I hate the crowds. As nice as Colorado is I usually avoid it because of how crowded the front range is due to the proximity to Denver. I prefer the smaller streams in Wyoming, Idaho, Utah, and Montana. I have spent 5 summers bumping around out west in the summer months since I retired. Nothing on the east coast compares to the solitude of out west.


----------



## Padre (Jul 29, 2016)

Steve_Mevers said:


> I hate the crowds. As nice as Colorado is I usually avoid it because of how crowded the front range is due to the proximity to Denver. I prefer the smaller streams in Wyoming, Idaho, Utah, and Montana. I have spent 5 summers bumping around out west in the summer months since I retired. Nothing on the east coast compares to the solitude of out west.


Agreed. We will spend the whole month of March this next year just doing Utah. If you are out there, hit me up. There has been many nights, sitting under the stars with just us, wishing we had some other friends out there. Speaking of stars, there is this.


----------



## TR. (Sep 28, 2019)

Padre said:


> Agreed. We will spend the whole month of March this next year just doing Utah. If you are out there, hit me up. There has been many nights, sitting under the stars with just us, wishing we had some other friends out there. Speaking of stars, there is this.
> View attachment 188063


Hit me up when you are planning, happy to give you some ideas/places that are not mainstream.


----------



## mt hwy (Mar 18, 2021)

Used to do similar prospecting fishing trips before moving to MT twenty years ago. Great adventure, getting off the beaten path, great pictures .. Congrats on getting out there!


----------



## Steve_Mevers (Feb 8, 2013)

Padre said:


> Agreed. We will spend the whole month of March this next year just doing Utah. If you are out there, hit me up. There has been many nights, sitting under the stars with just us, wishing we had some other friends out there.

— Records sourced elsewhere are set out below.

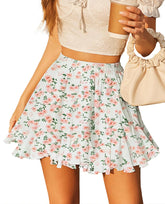 Voguable Summer New Women's Bohemian Sports Resort Floral Casual Ruffled Mini Skirt lollapalooza outfit spring outfits voguable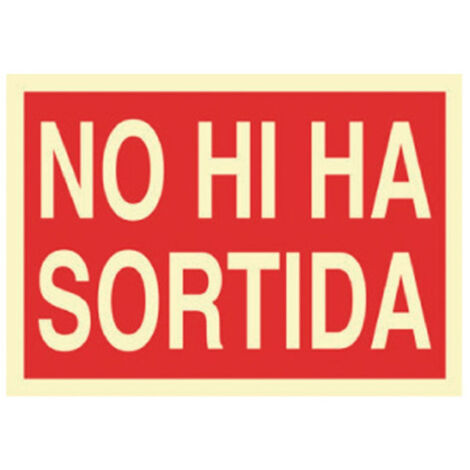 Señal de socorro en catalán No hi ha Sortida luminiscente 297X210 mm (1/2)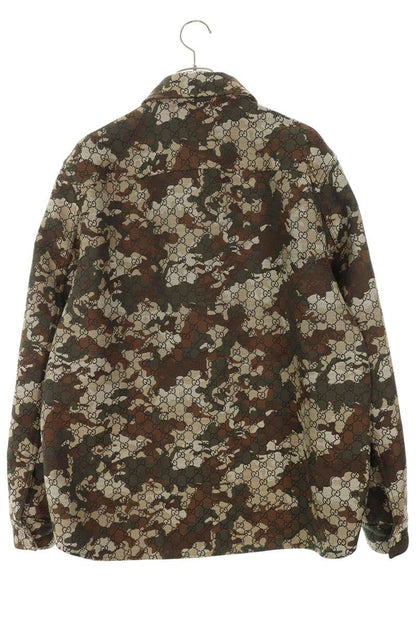 GUCCI 26SS GG Marble Jacquard Denim Shirt Green Size L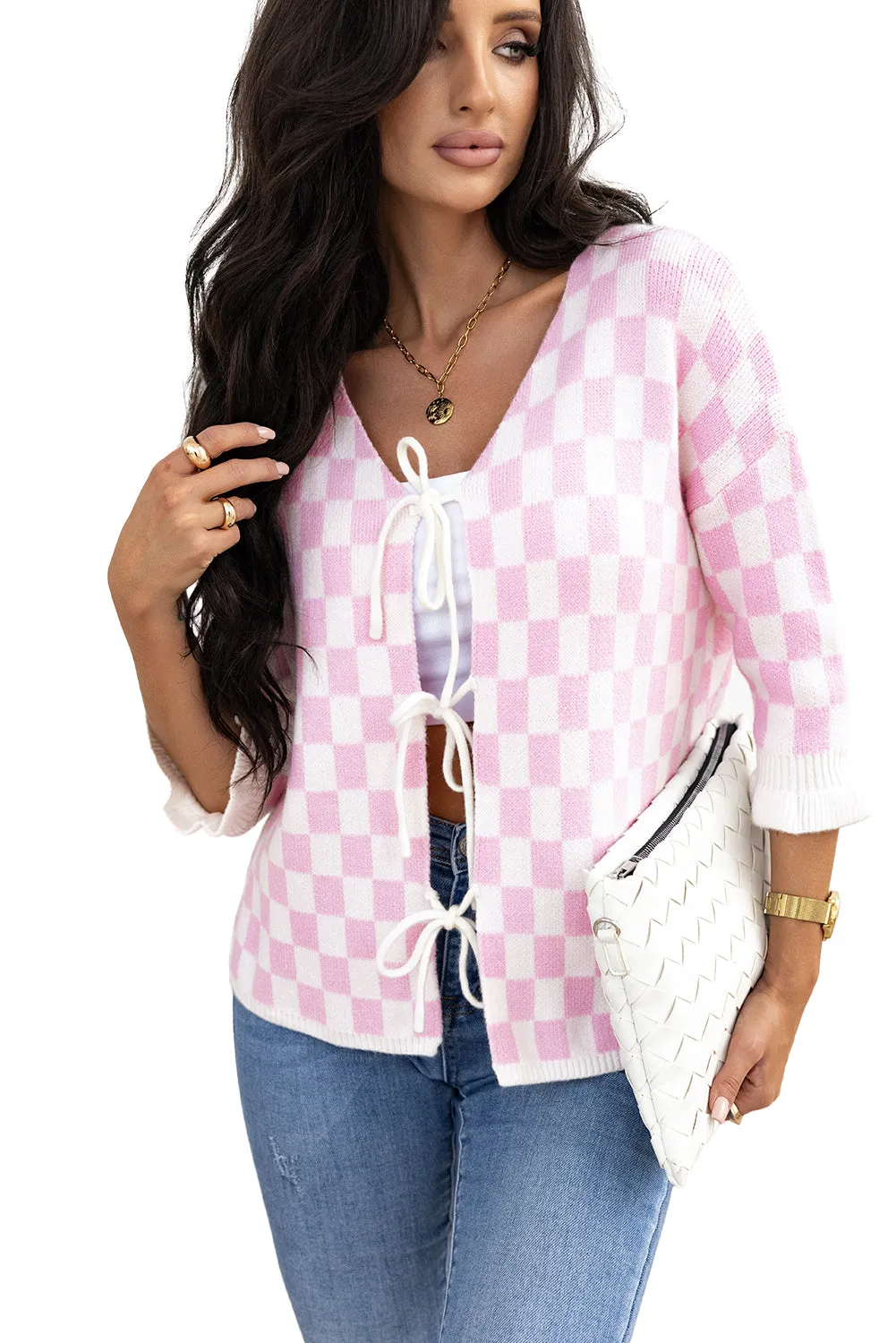 Knitted Lace-up Ruffled 3/4 Sleeve Cardigan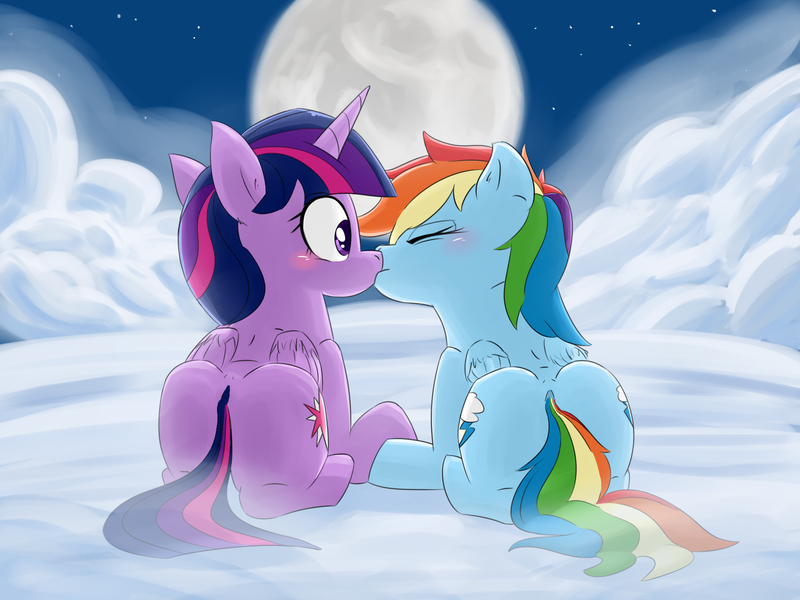 Size: 2000x1500 | Tagged: safe, artist:gamijack, derpibooru import, rainbow dash, twilight sparkle, twilight sparkle (alicorn), alicorn, pony, blushing, both cutie marks, cloud, eyes closed, female, kissing, lesbian, mare, moon, plot, prone, rainbutt dash, shipping, the ass was fat, twibutt, twidash, wide eyes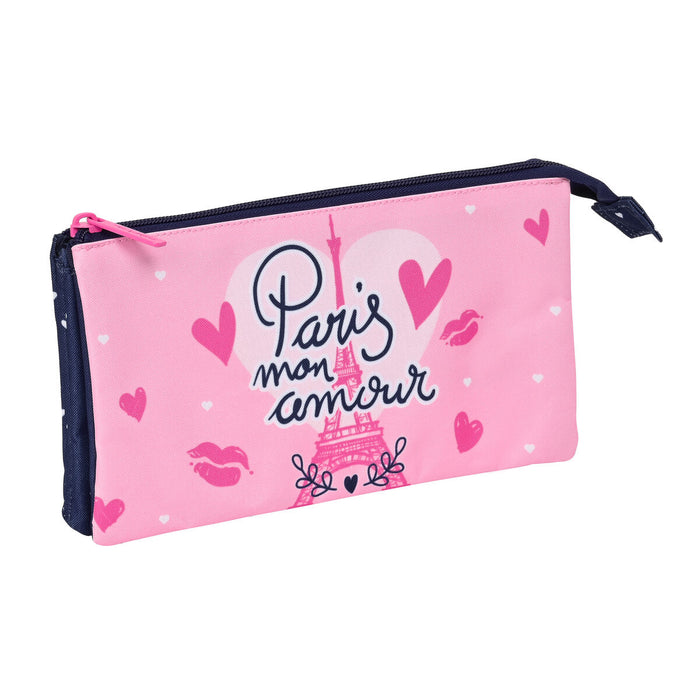 Penar triplu Safta Paris Roz Bleumarin 22 x 12 x 3 cm
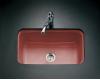 Kohler Bakersfield K-5834-3U-R1 Roussillon Red Undercounter Kitchen Sink with Three-Hole Oversized Centers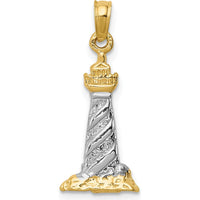 14K Yellow Gold St. Augustine Lighthouse Pendant with White Rhodium Accents by Oro Pregiato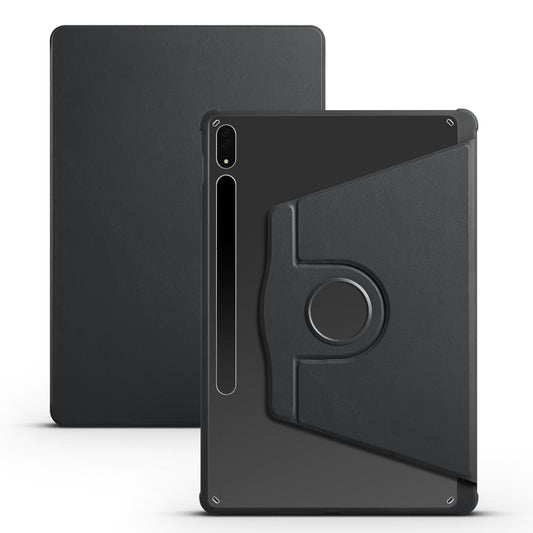 For Samsung Galaxy Tab S10+ / S9+ Acrylic 360 Degree Rotation Holder Tablet Leather Case(Black) - Galaxy Tab S9+ Cases by buy2fix | Online Shopping UK | buy2fix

Speaking of stars, there is this.
> View attachment 188063


----------



## Steve_Mevers (Feb 8, 2013)

Nice! I take a truck camper out west and pretty much just disperse camp on public lands. Planning a Alaska trip for next summer!


----------



## Padre (Jul 29, 2016)

Steve_Mevers said:


> Nice! I take a truck camper out west and pretty much just disperse camp on public lands. Planning a Alaska trip for next summer!


That will be awesome. I would love to do Alaska.


----------



## mt hwy (Mar 18, 2021)

Living here in MT, sometimes in SW FL - hopefully more in the future, I have a truck camper setup and it works great. There is so much national forest and BLM (that's Bureau of Land Management, for some of us) land available for dispersed camping, and actually a lot of campgrounds on such lands and at boat ramps along major river and at lakes. The truck camper gets you lots of place which would be tough pulling a camp trailer, plus you can tow a boat. I have a Lund 18' Alaskan (great boat) and the fishing on lakes is fantastic - on the fly or using hardware. Got the drift boat too, but those rivers are getting a little too crowded ... Hike in to mountain lakes/streams. Watch the griz. Get a DeLorme Atlas and have at it.


----------



## Buffalo Bob (Aug 28, 2019)

Padre said:


> Here are some more pics
> View attachment 187830
> View attachment 187831
> View attachment 187832
> ...


Wow! You da man Padre'! Great Post / Great pictures! My neighbor has a Mojave similar to yours in picture 
w/o camping apparatus overhead. Badd Asss Vehicle! ... Nice!


----------



## Padre (Jul 29, 2016)

Buffalo Bob said:


> Wow! You da man Padre'! Great Post / Great pictures! My neighbor has a Mojave similar to yours in picture
> w/o camping apparatus overhead. Badd Asss Vehicle! ... Nice!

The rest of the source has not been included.